[[ Data for this exercise open ]]

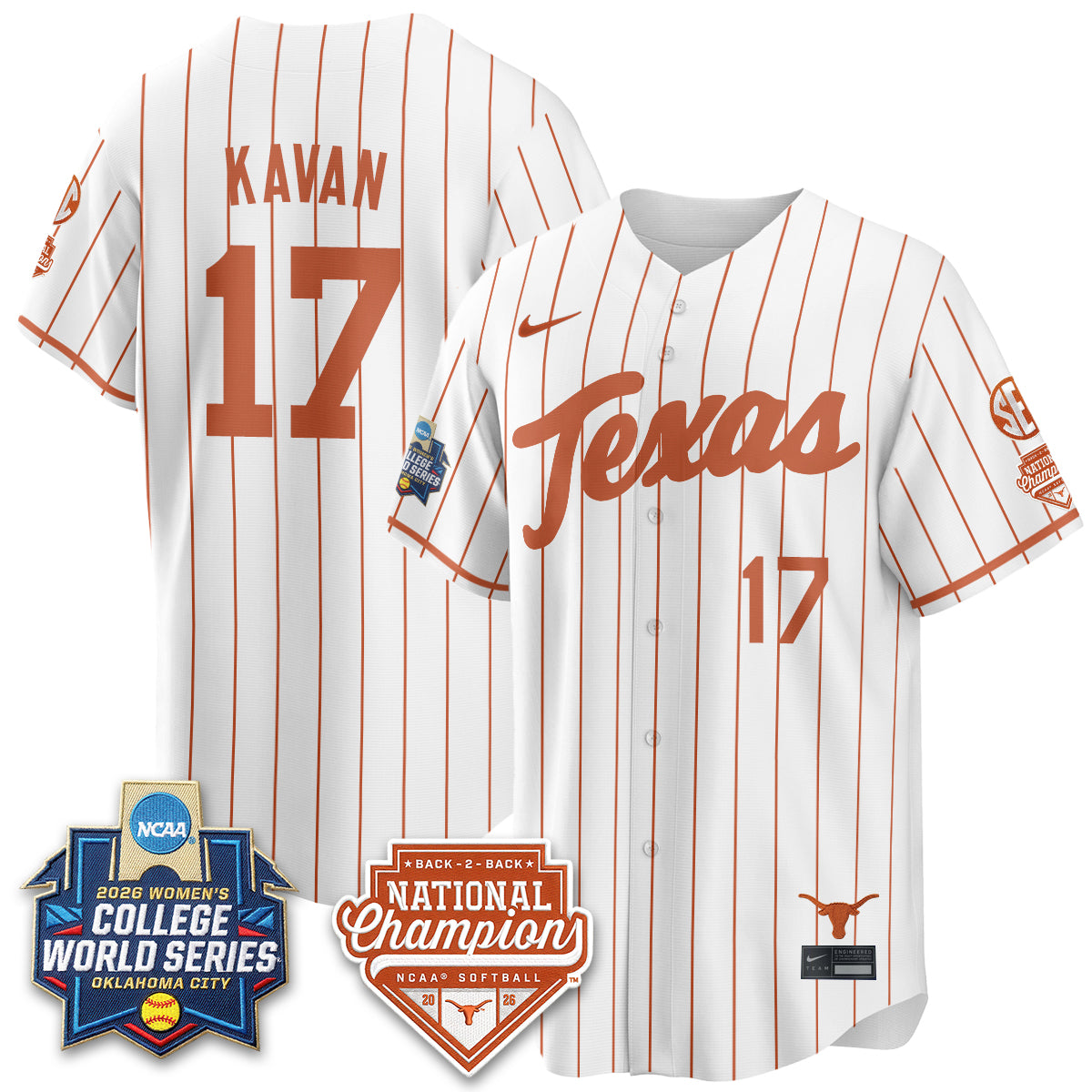 TEX Softball 2026 World Series (WCWS) Vapor Premier Limited Jersey - B2B Champs - All Stitched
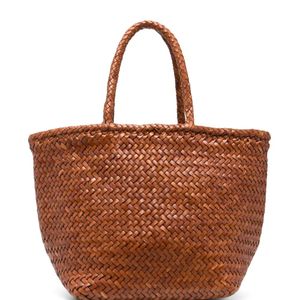 Dragon Diffusion Brown Small Grace Woven Leather Tote Bag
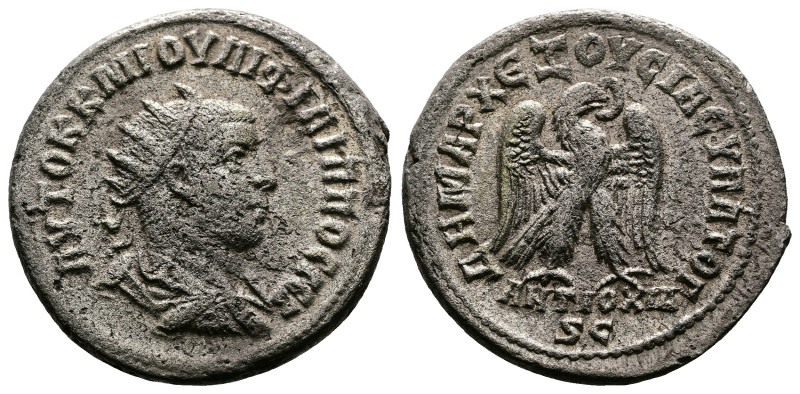 Seleucis and Pieria. Antioch. Philip II, 247-249 AD. Billon Tetradrachm (27 mm, ...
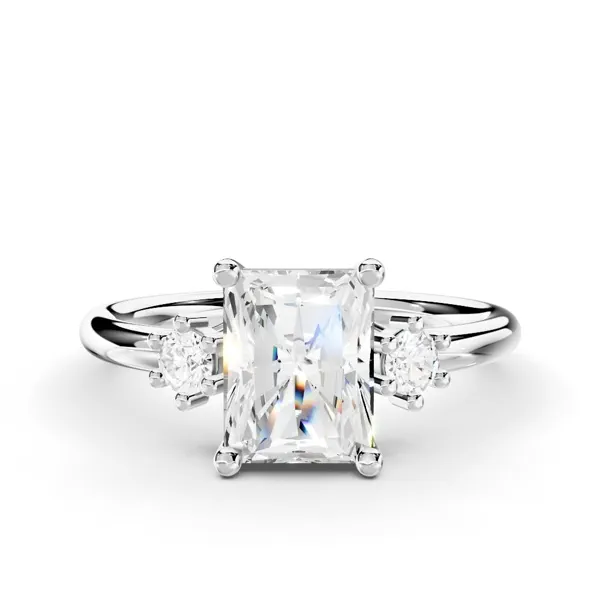 Marni Petite Three-Stone Engagement Ring With 1.01 Carat Radiant Diamond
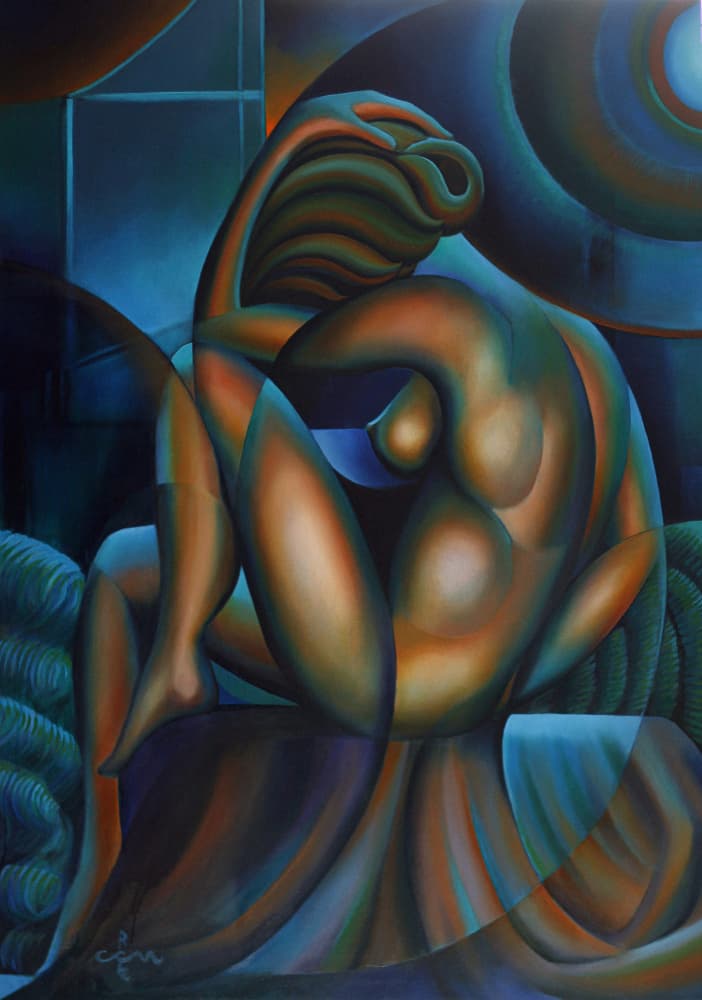 Contemplative Abstract Woman by Corné Akkers — canvas wall art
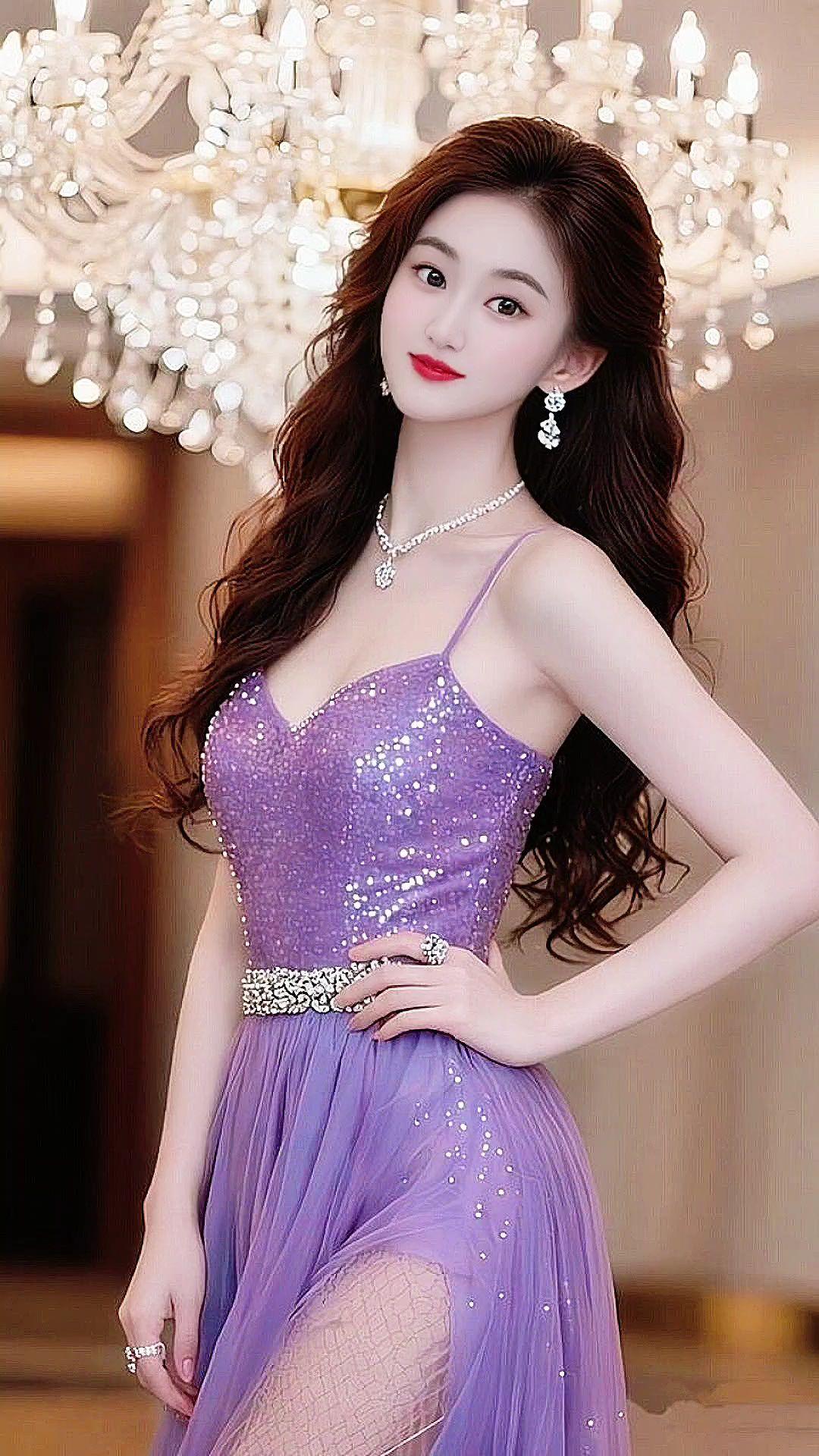 贵气感御姐 闪闪发光的礼服 御姐模特 性感紫裙 晚礼服造型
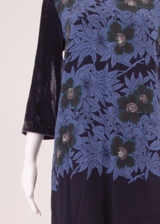 WHITE STUFF Womens Shift Dress Blue Viscose Floral Long Sleeve Knee Length UK 10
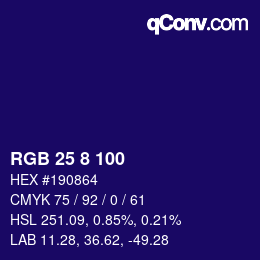 Color code: RGB 25 8 100 | qconv.com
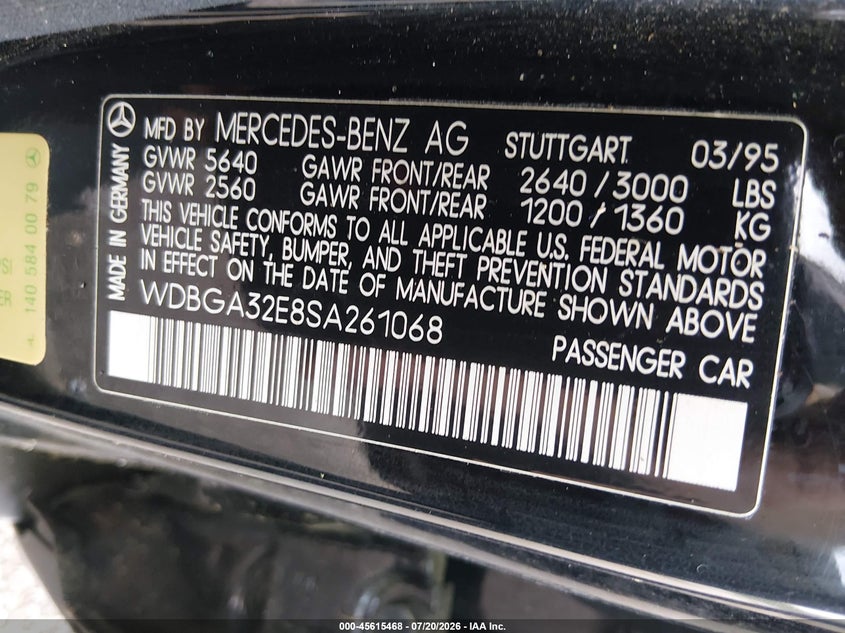 1995 Mercedes-Benz S 320W VIN: WDBGA32E8SA261068 Lot: 45615468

[[ Data for this exercise closed ]]

(Task details) Print, without pictures, exactly the lines from the one containing "Color code: RGB 25 8 100 | qconv.com" through the final line of the records above.

(Written response)
 Color code: RGB 25 8 100 | qconv.com
 1995 Mercedes-Benz S 320W VIN: WDBGA32E8SA261068 Lot: 45615468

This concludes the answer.